Date: 17-Oct-98 - 1:13 PM
Subject: Re: MF's vs STOCK'S
From: George$

Bylo and Tim: Your posts are excellent and should be a reference link for anybody asking similar questions in the future.

I'm in both camps; funds and stocks.

Our stock funds are now exclusively index ones. They used to be mostly Sceptre, but no more because today there are other and lower mer options available. We now have SD-RRSPs which only have index funds and money market holdings. The index are both the International and the US Index RRSP funds from TD. But I may switch to the new ones from Royal if TD does NOT lower its mer to Royal's 0.55% level shortly. Outside our RRSP we hold Vanguard index funds. The money market cash may well end up in TIPs but other options are being considered. [The common theme is broadly based equities and low ongoing costs or mers. At present we have no bond funds.]

The stocks are all outside an RSP and fall into two groups. One grouping is a mix of about 20 large-cap US stocks that in effect mimic the S &P. They reside in a TD account and we get a quarterly dividend stream from them. It's a buy-and-hold operation. The other is a heavy concentration of high tech, via only Microsoft and Hewlett-Packard at present. The latter two have of course made the largest capital gains returns [unrealized] over the past five years.

I would echo Bylo's views that low mers [or maintenance costs] and tax efficiency are the two main issues. [Assuming of course that the proper diversification, or asset allocation, consistent with ones risk tolerance is already in place.]

My main two problems come about from the 20-stock basket. I cannot keep track of all of them properly. But since they have been doing ok as a whole, as all are large companies, I have not worried about this too much recently. The more serious bugaboo that I have run into is that Revenue Canada nicks me for taxes which I did not expect, because of some stock distribution or re-organization within one of the 20 US companies, which in the US has no tax penalty. But in Canada there is tax penalty.

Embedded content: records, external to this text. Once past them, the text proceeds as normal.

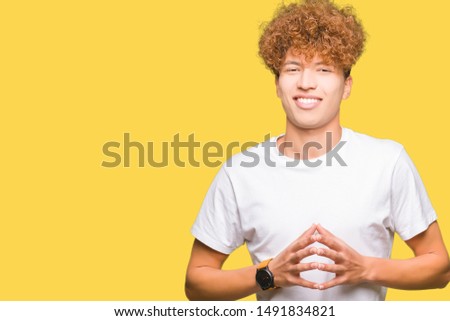 Young handsome man with afro hair wearing casual white t-shirt Hands together and fingers crossed smiling relaxed and cheerful. Success and optimistic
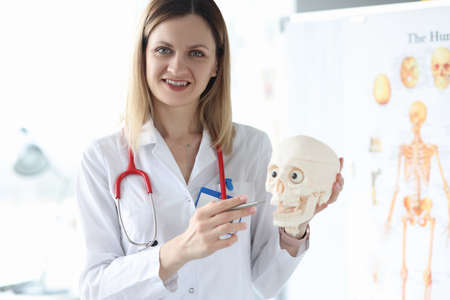 Smiling portrait medic holds human skull closeupの写真素材
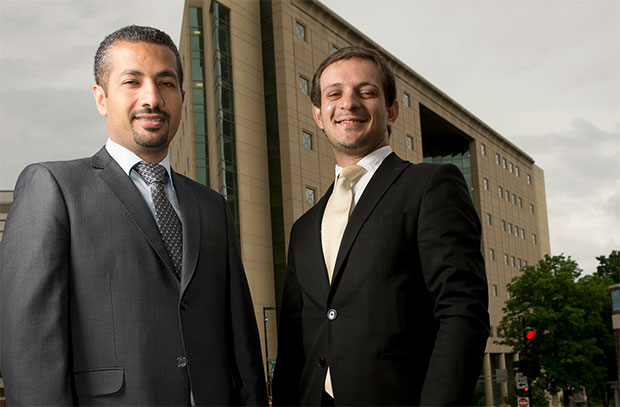 Jordanian lawyers Jamal Feroun (left) and Ali Al-Saber stand outside the Dane County Courthouse on Friday in Madison. The two were selected to take part in the Justice Center for Legal Aid’s Wisconsin Public Defenders Office Internship Program and hope to share what they have learned in Wisconsin when they return home. (Staff photo by Kevin Harnack)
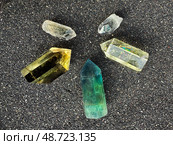 Colorful Quartz Crystals Set on Black Sand Background. Стоковое фото, фотограф Аnna Ivanova / Фотобанк Лори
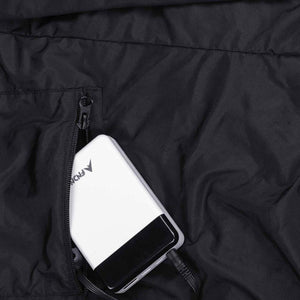 FNDN power bank plugged into a zippered pocket on a black garment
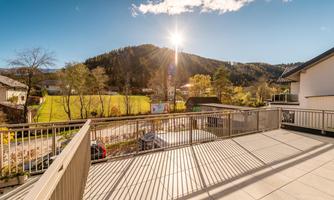 A sunny terrace with a view of the mountains. The sky is clear and the landscape is green and autumnal.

An example of the last point. At the moment I must decide whether or not I should sell our General Re Corp holdings BEFORE its amalgamation with Berkshire takes place. If I do not, there is the possibility I could be hit with a made-in-Canada "dividend distribution:" tax ruling from Revenue Canada. This sort of tax issue is the down side of "doing it yourself" investing. While I enjoy the financial investment aspect, I do not enjoy trying to become a tax expert. Life is too short.


Date: 17-Oct-98 - 1:35 PM
Subject: Re: MF's vs STOCK'S
From: hiltz

Thanks to all for an interesting and informative discussion. For us rookies-where could we get an unbiased view of index funds?

Date: 17-Oct-98 - 1:54 PM
Subject: Re: MF's vs STOCK'S
From: Bylo Selhi

George, thanks for the kind words. I'll bookmark this thread and archive it on my website once activity here dies down a bit. Also, welcome aboard as a BRK shareholder.

Hiltz, there are no "unbiased" sources of information on indexing -- or anything else for that matter. :-) Most of the material on indexing and related investment strategies comes from the US:

  1. A Random Walk Down Wall Street by Burton Malkeil (book)
  2. Bogle on Mutual Funds by John Bogle (book)
  3. Vanguard, especially Investor Education
  4. Efficient Frontier and Further Reading
  5. Investment Strategies for the 21st Century and Frank's Reading List

You might also want to have a look around my site.

Date: 17-Oct-98 - 3:03 PM
Subject: Re: MF's vs STOCK'S
From: Tim4

George, I echo Bylos thanks. FWIW, I ignore most tax considerations when buying and selling as it is much too complicated and not a field I really wish to know about other than getting reacquainted with my accountant from time to time. HP and MS are great stocks and should continue to outperform. In addition to my conservative stocks, I do confess that I speculate a little on potential 10 baggers but outside my RRSP. I suppose people do this with sector MFs of which some have been outstanding but alot suffer abysmally. I do feel that the very term Mutual Fund conjures up some sort of safe investment whereas that nasty stock market which is full of crooks and manipulators is a place to avoid. Alas, this recent downturn perhaps will cause people to begin to THINK for themselves.